Violence against Syria’s centuries-old Christian community from the government as well as Islamic radicals in the rebellion of the Syrian civil war is driving thousands of those Christians from their homes, with many fleeing to their ancient homeland in neighboring Turkey, the New York Times reported.
Syriac Christians make up one of the oldest Christian communities in the world. First established by the Jesus’s Apostle St. Peter in Antioch, the Church uses the world’s oldest liturgy—the Liturgy of St. James—and many adherents still speak Aramaic, the ancient Semitic language that was believed to be spoken by Jesus and his followers.
A Syriac priest, Father Gabriel Akyuz, described the threats Christians are facing in an interview with the New York Times.

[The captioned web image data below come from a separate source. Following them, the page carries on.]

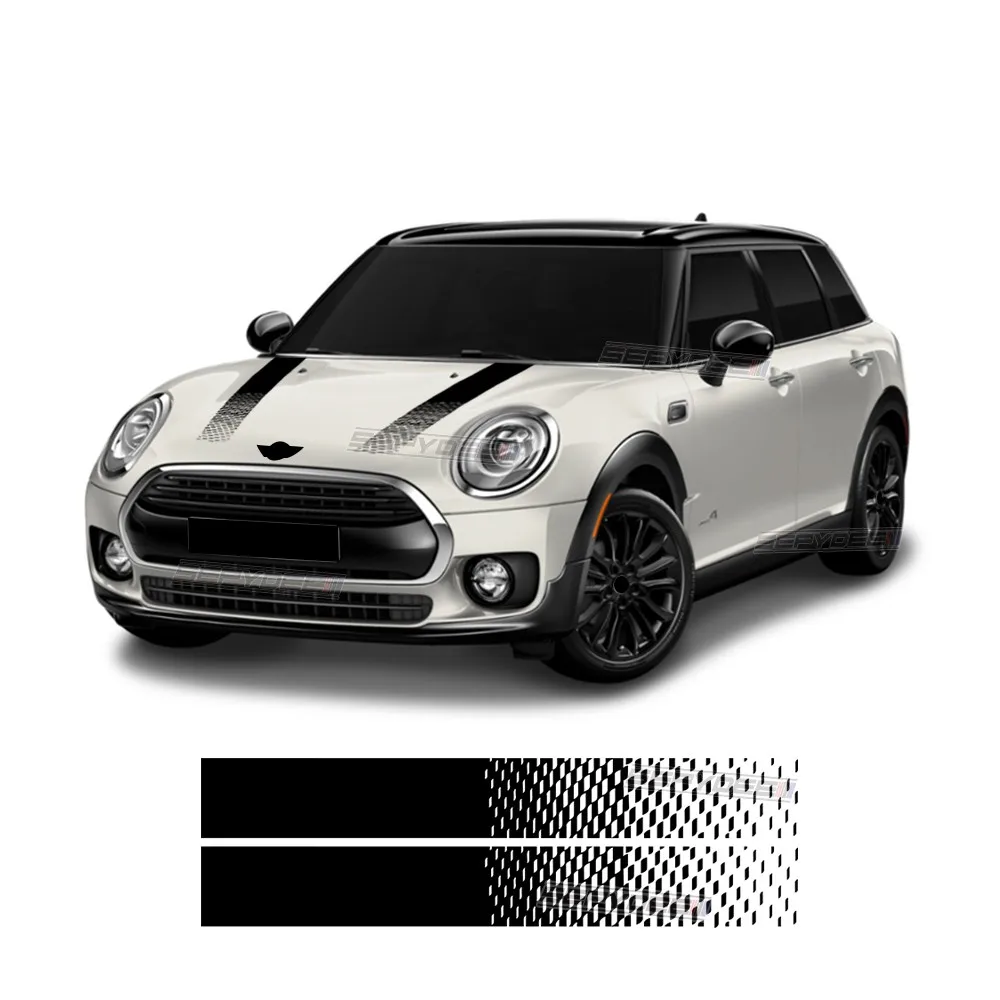 

2Pcs Car Bonnet Stripes Sticker Hood Engine Cover Decal For MINI Clubman R55 JCW 2006 - 2015 Car Accessories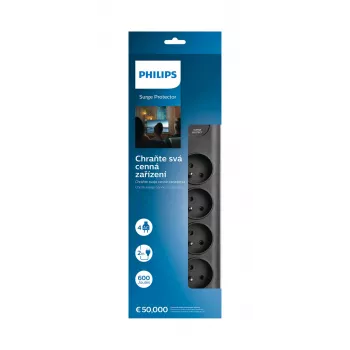 Surge Protector Philips SPN7040BA/60 6 AC outlets 600 J 2 m Black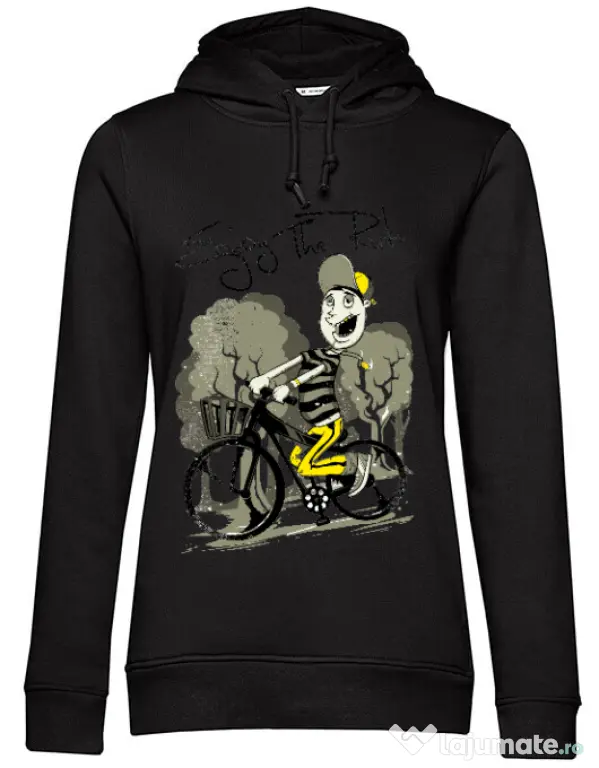 Hoodie dama cu gluga Enjoy the ride Negru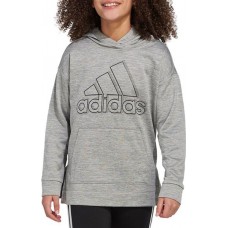 adidas Girls' Badge of Sport Melange Fleece Medium Grey Heather Hoodie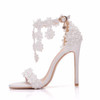 Crystal Queen Women Ankle Strap Sandals White Lace Flowers Pearl Tassel Super Heel Fine High Heels Slender Bridal Wedding Shoes|High Heels|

“The gangs are kidnapping people and holding them to ransom. They are perpetrating great injustices. That is why Syriacs are fleeing,” he said.
As a result, tens of thousands of Syriac Christians are fleeing Syria for the Turkish region of Tur Abdin, the ancient heartland of Syriac Christians. The small Syriac community remaining in Turkey— estimated to be around 5,000, down from 200,000 a century ago—has been sheltering the Christian refugees in churches and monasteries with the help of Turkish authorities.
But many Christian refugees want to leave the Middle East altogether, requesting visas from their Christian brethren in the West. Local Christian leaders, however, are adamant about remaining, despite fears of the civil war and growing Islamic extremism.
“We tell every refugee who comes that he must not emigrate to Europe or America, but hold out in Turkey, Lebanon or Jordan, because emigration means that we will lose our homeland and our roots,” said Aziz Demir, the mayor of Kafro, a Syriac village in Tur Abdin, according to the New York Times.